At the June 2019 AAUP Annual Meeting, the membership voted to approve a set of organizational changes as part of the association’s restructuring proposal, including the creation of a new at-large chapter, effective January 1, 2020. The at-large chapter is made up of individual AAUP members who are not eligible for membership in a campus chapter of the AAUP. An overview of restructuring is available here.
The primary purpose of the new at-large chapter is to provide its members with the opportunity to nominate and elect delegates to the AAUP biennial meeting, where the delegates will cast the votes of the chapter in the election of AAUP officers and on other matters. As a national chapter, the at-large chapter does not represent individual members in disputes, nor does it intervene on behalf of its members at their institutions. At-large chapter members are encouraged to form their own campus AAUP chapter if they are interested in addressing specific issues or situations on their campus.
Officers (2025-27)
Henry Reichman, President
Vice President, (Vacant)
Secretary-Treasurer, (Vacant)
Sally Dear-Healey, Board Member
Judy Rohrer, Board Member
Mariah Quinn, staff
At-Large Chapter Officer Bios
Henry Reichman (President)
Henry “Hank” Reichman is professor emeritus of history at California State University, East Bay. He served as AAUP first vice-president from 2012 to 2018 and as chair of the AAUP Foundation from 2014-2022. From 2012-2021 he chaired AAUP’s Committee A on Academic Freedom and Tenure. He has served on six AAUP investigating committees, including most recently co-chairing its investigation of academic freedom in Florida, and co-authored numerous AAUP policy statements and reports. He is currently a member of AAUP’s Committee on College and University Governance and a co-editor of the AAUP’s Academe blog. His book The Future of Academic Freedom was published by Johns Hopkins University Press in 2019. His Understanding Academic Freedom was also published by JHUP in October 2021; a second expanded edition came out in March. His Censorship and Selection: Issues and Answers for Schools, was published by the American Library Association in three editions (1988, 1993, 2001).

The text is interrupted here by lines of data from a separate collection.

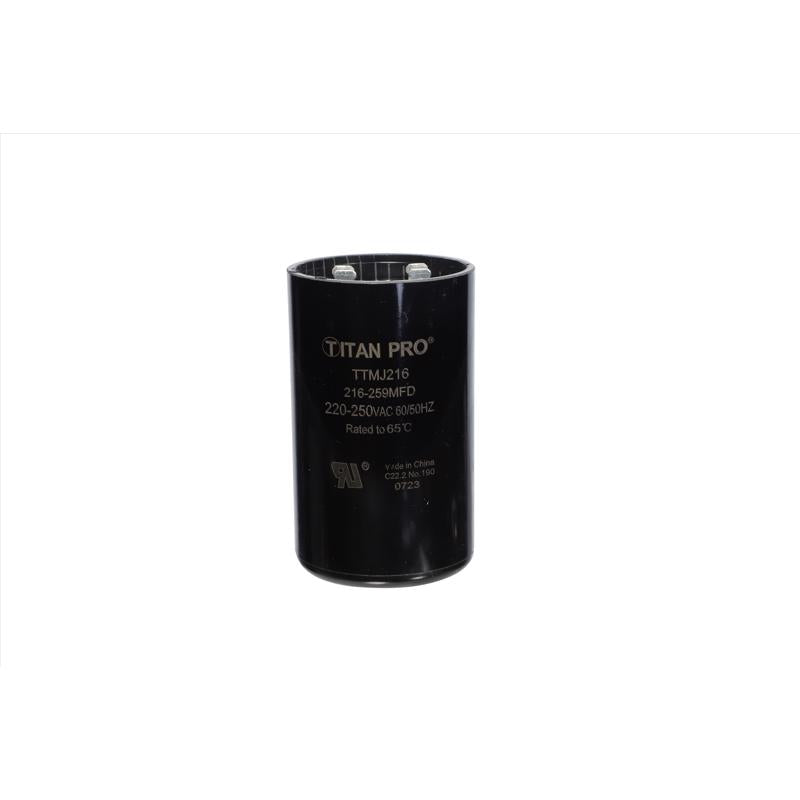 Titan Pro 216-259 MFD 250 V Round Start Capacitor TTMJ216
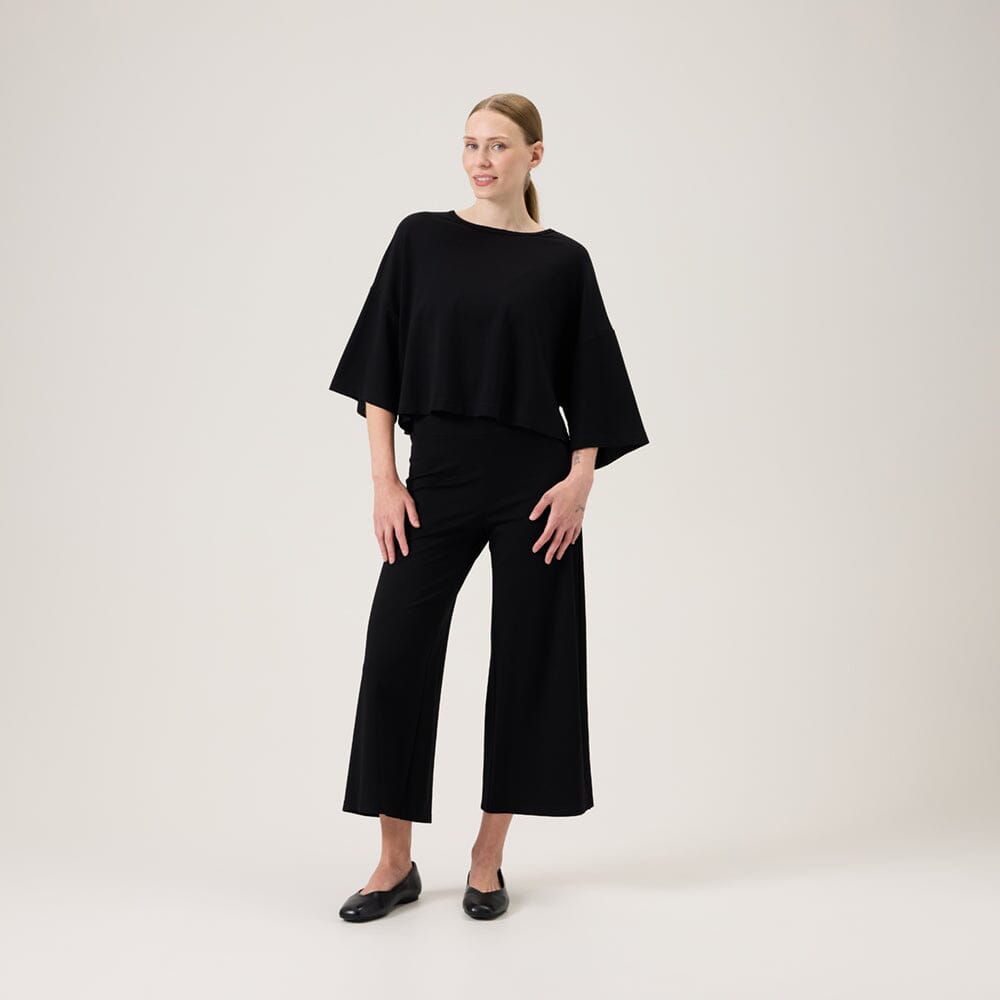 Wide Leg Culottes -Housut | Black Aikuisten housut Oh, Oui!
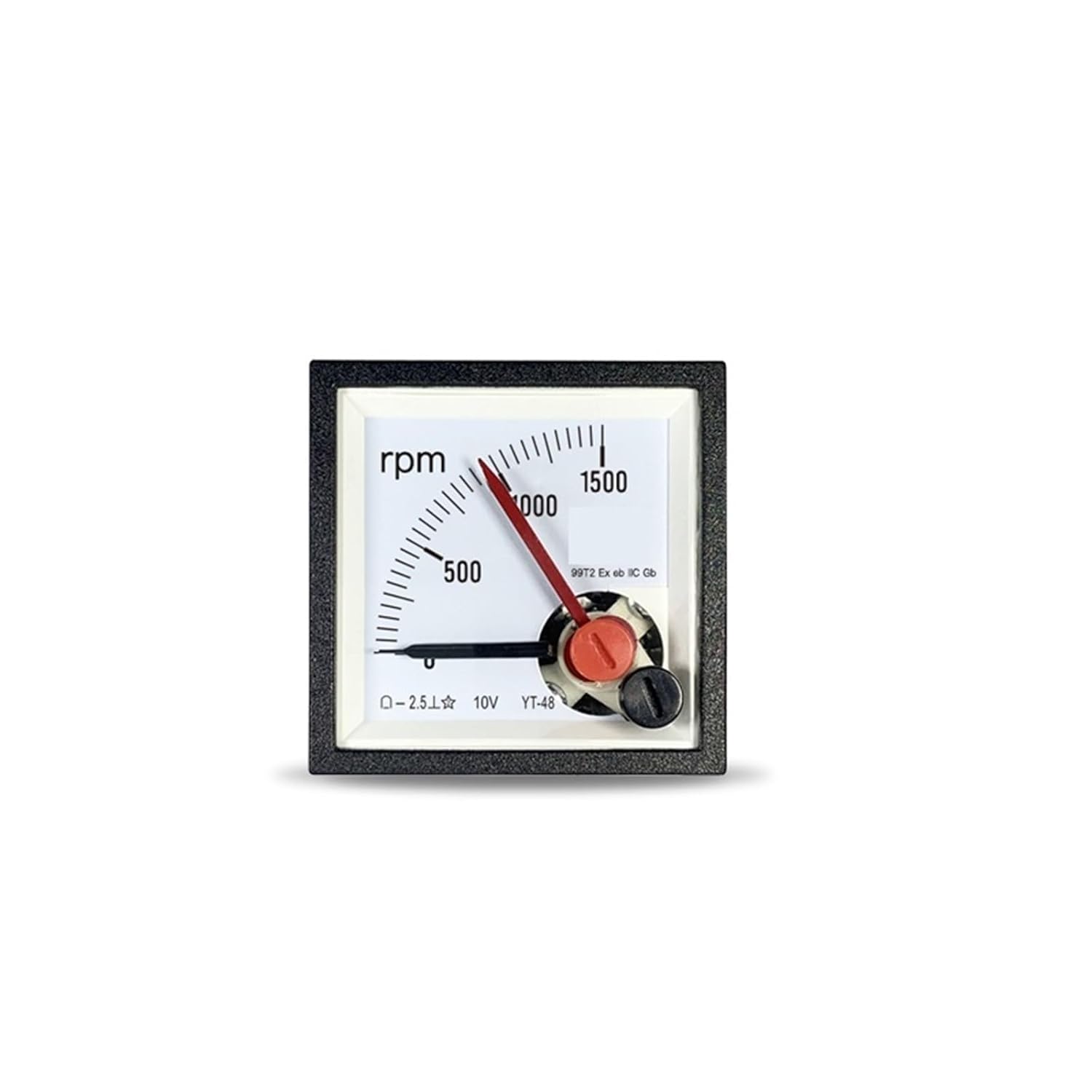 CP48 Double Needle Tachometer 500rpm1000 RPM 1500r/min Red BE48 YT48 T6 1Pcs(500rpm-10V)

At CSU East Bay Professor Reichman served as chair of the department of history from 1994-2003, as a member of the academic senate from 1995-2010, including three terms as chair, and on the CSU System academic senate from 2001-2010. He was named the CSUEB Outstanding Professor in 1998 and won the university’s faculty service award in 2005. He also served nine years on the California Faculty Association’s collective bargaining team. He has published numerous articles and reviews on academic freedom, university governance, and tenure and spoken at dozens of colleges and universities.
Professor Reichman earned the B.A. at Columbia and the Ph.D at UC Berkeley. His Railwaymen and Revolution: Russia, 1905 was published by UC Press in 1987 and republished in 2021 as part of the press’s Voices Revived program.
Sally Dear-Healey (Board Member)
Sally Dear-Healey has served as the president of the National AAUP At-Large Chapter since 2020. Previously she served eight years as an elected District VIII Representative to the national AAUP Council as well as several committees, including the Committee on Gender and Sexuality. At the State level, Dear-Healey served as vice president and then president of the NYS Conference of the AAUP before resigning that position and subsequently being hired as their executive director, a position she has held since 2017. One of Sally's primary areas of interest beyond academic integrity and freedom is the mental health and well-being of faculty and professional staff, including adjunct/contingent faculty.
Judy Rohrer (Board Member)
Judy Rohrer (she/her) is a scholar-activist with expertise in a number of fields that animate critical interdisciplinary scholarship: feminist studies, queer studies, settler colonial studies, Indigenous studies, critical race theory, critical ethnic studies, and disability studies. She is currently an Associate Professor and Director of Gender, Women's & Sexuality Studies at Eastern Washington University. She joined AAUP as an at-large member after the 2024 presidential election because she was inspired by the critical work AAUP was, and is, doing to protect higher education and academic freedom. She hopes to help build the at-large membership and encourage the creation of more AAUP chapters.